Ehrenbürgerrecht, Ehrenbezeichnung

 

(1)       Die Stadt kann Personen, die sich um sie besonders verdient gemacht haben, das Ehrenbürgerrecht verleihen.

 

(2)       Personen, die als Mitglieder der Stadtverordnetenversammlung, eines Ortsbeirates, Ehrenbeamtinnen oder Ehrenbeamte insgesamt mindestens 20 Jahre ein Mandat oder Amt in der Stadt ausgeübt haben, können folgende Ehrenbezeichnung erhalten:

 

Stadtverordnetenvorsteherin oder -vorsteher

= Ehrenstadtverordnetenvorsteherin oder -vorsteher

 

Stadtverordnete oder Stadtverordneter

= Ehrenstadtverordnete oder Ehrenstadtverordneter

 

Stadträtin oder Stadtrat

= Ehrenstadträtin oder Ehrenstadtrat

 

Ortsvorsteherin oder Ortsvorsteher

= Ehrenortsvorsteherin oder Ehrenortsvorsteher

 

Mitglieder der Ortsbeiräte, die insgesamt mindestens 20 Jahre ihr Mandat ausgeübt haben, werden mit einer Ehrenurkunde und einem Ehrengeschenk geehrt.

 

Die Ehrenbezeichnung richtet sich nach dem zuletzt oder überwiegend ausgeübten Amt oder Mandat.

 

Das Gleiche gilt für sonstige ehrenamtlich Tätige, die insgesamt mindestens 20 Jahre ihr Amt ausgeübt haben.

 

In Würdigung besonderer Verdienste um das Wohl der Stadt wird an Mitglieder der städtischen Gremien der Stadt sowie an verdienstvolle Personen als Anerkennung und Erinnerung an ihre Tätigkeit ein Ehrengeschenk überreicht.
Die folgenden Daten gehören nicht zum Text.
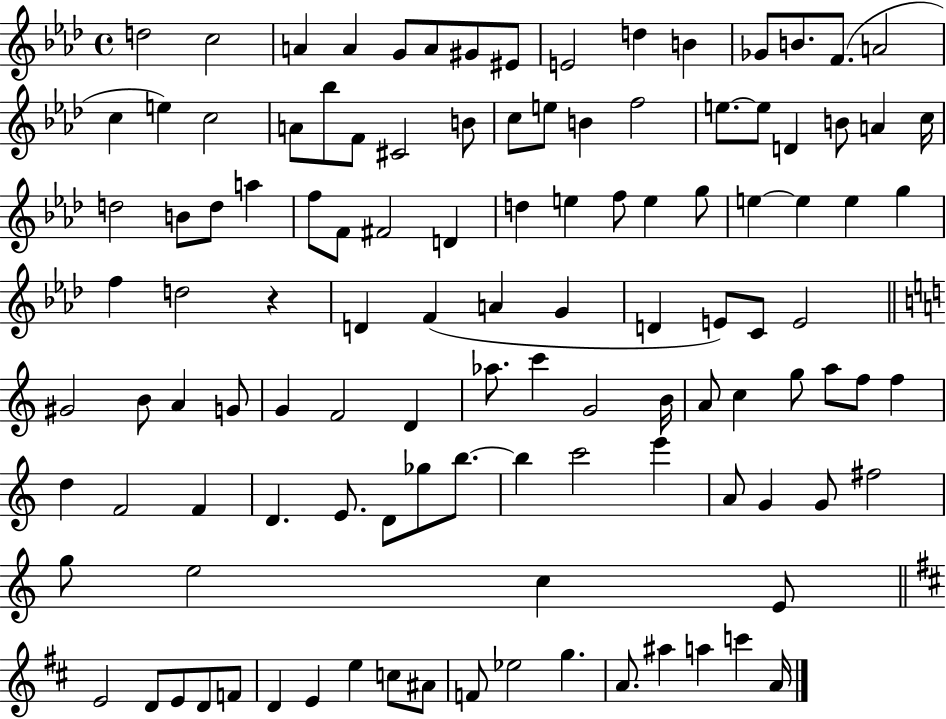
{
  \clef treble
  \time 4/4
  \defaultTimeSignature
  \key aes \major
  d''2 c''2 | a'4 a'4 g'8 a'8 gis'8 eis'8 | e'2 d''4 b'4 | ges'8 b'8. f'8.( a'2 | \break c''4 e''4) c''2 | a'8 bes''8 f'8 cis'2 b'8 | c''8 e''8 b'4 f''2 | e''8.~~ e''8 d'4 b'8 a'4 c''16 | \break d''2 b'8 d''8 a''4 | f''8 f'8 fis'2 d'4 | d''4 e''4 f''8 e''4 g''8 | e''4~~ e''4 e''4 g''4 | \break f''4 d''2 r4 | d'4 f'4( a'4 g'4 | d'4 e'8) c'8 e'2 | \bar "||" \break \key c \major gis'2 b'8 a'4 g'8 | g'4 f'2 d'4 | aes''8. c'''4 g'2 b'16 | a'8 c''4 g''8 a''8 f''8 f''4 | \break d''4 f'2 f'4 | d'4. e'8. d'8 ges''8 b''8.~~ | b''4 c'''2 e'''4 | a'8 g'4 g'8 fis''2 | \break g''8 e''2 c''4 e'8 | \bar "||" \break \key d \major e'2 d'8 e'8 d'8 f'8 | d'4 e'4 e''4 c''8 ais'8 | f'8 ees''2 g''4. | a'8. ais''4 a''4 c'''4 a'16 | \break \bar "|."
}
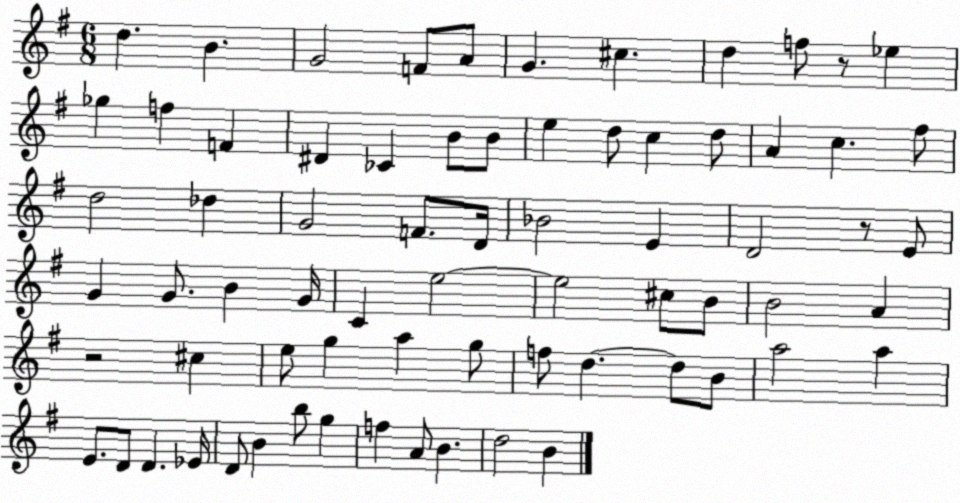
X:1
T:Untitled
M:6/8
L:1/4
K:G
d B G2 F/2 A/2 G ^c d f/2 z/2 _e _g f F ^D _C B/2 B/2 e d/2 c d/2 A c ^f/2 d2 _d G2 F/2 D/4 _B2 E D2 z/2 E/2 G G/2 B G/4 C e2 e2 ^c/2 B/2 B2 A z2 ^c e/2 g a g/2 f/2 d d/2 B/2 a2 a E/2 D/2 D _E/4 D/2 B b/2 g f A/2 B d2 B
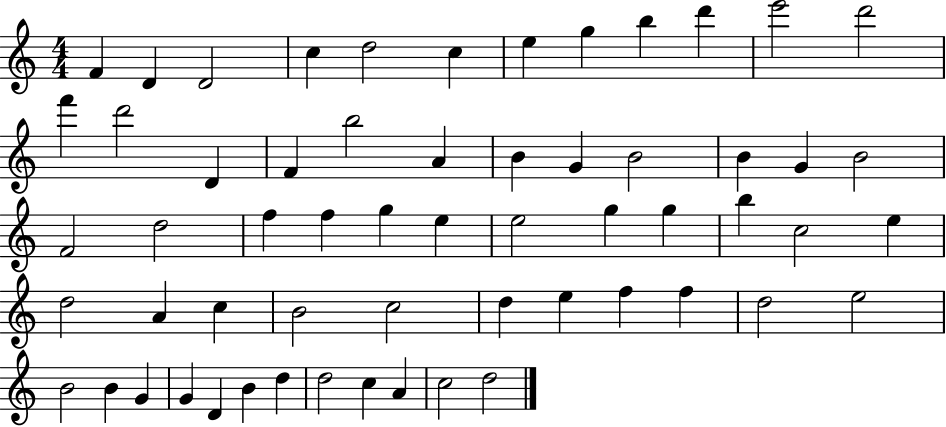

Voraussetzung ist, dass sie länger als eine Legislaturperiode zum Wohle der Stadt gewissenhaft gewirkt und aus nicht von ihnen zu vertretenden Gründen aus den Gremien ausscheiden mussten (Wechsel des Wohnsitzes oder ähnliches).

 

Mitglieder der städtischen Gremien, die drei Legislaturperioden - 15 Jahre - zum Wohle der Stadt gewirkt haben, erhalten ein Ehrengeschenk.

 

(3)         Das Ehrenbürgerrecht und die Ehrenbezeichnung sollen in feierlicher Form in einer Sitzung der Stadtverordnetenversammlung verliehen werden. Den Geehrten ist eine Urkunde über die Verleihung des Ehrenbürgerrechts oder der Ehrenbezeichnung auszuhändigen.

 

(4)         Die Stadt kann das Ehrenbürgerrecht und die Ehrenbezeichnung wegen unwürdigen Verhaltens entziehen.

 

§ 10

In-Kraft-Treten

 

Die Satzung tritt mit dem Tag nach der Bekanntmachung in Kraft. Die bisherige Hauptsatzung vom 06.02.2018 tritt zum gleichen Zeitpunkt außer Kraft.

 

Es wird bestätigt, dass der Inhalt dieser Satzung mit dem hierzu ergangenen Beschluss der Stadtverordnetenversammlung übereinstimmt und dass die für die Rechtswirksamkeit maßgebenden Verfahrensvorschriften eingehalten wurden.